What it automates: Three- and four-way matching at scale. GST reconciliation is the obvious one: matching books against 2B invoice by invoice, flagging input tax credit claimed but not appearing in 2B, supplier-side mismatches, and timing differences across the year-end. It does the same logic for bank reconciliation and 26AS/AIS matching. What used to be a tense afternoon of VLOOKUPs becomes a clean exceptions report. Our GST reconciliation guide walks through the full method.

Human control point: The CA decides which breaks matter. The agent presents differences; you decide whether a ₹38,000 ITC mismatch is a genuine exposure or a supplier filing late.
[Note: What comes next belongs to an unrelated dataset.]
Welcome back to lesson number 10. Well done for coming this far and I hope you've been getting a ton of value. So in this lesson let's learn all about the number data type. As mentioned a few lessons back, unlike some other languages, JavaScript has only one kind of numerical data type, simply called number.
Where it still needs a CA: The agent cannot distinguish a timing difference from a real difference without you telling it the cut-off logic, and it cannot have the phone call with the client about why a supplier hasn't filed. It also can't decide whether to qualify, provide, or disclose — that's the conclusion, and the conclusion is yours. CORAA's reconciliation agent is built to surface and categorise breaks cleanly; closing them is still a CA's call.
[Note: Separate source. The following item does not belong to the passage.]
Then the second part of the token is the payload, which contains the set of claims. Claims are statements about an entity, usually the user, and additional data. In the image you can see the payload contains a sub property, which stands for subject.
5. The Working-Papers Agent

Inputs: The outputs of every agent above — scrutiny exceptions, JE test results, reconciliation breaks, and the underlying figures.

What it automates: It drafts the working papers themselves. Lead schedules, the scrutiny WP with exceptions noted, the GST recon WP, indexing, cross-referencing between WPs and the trial balance, and a tidy audit trail of what was tested. This is the documentation tax every firm pays — the work that's done last, under deadline, and that NFRA inspections most often find wanting. The agent produces a structured, cross-referenced file rather than a folder of inconsistently named Excels.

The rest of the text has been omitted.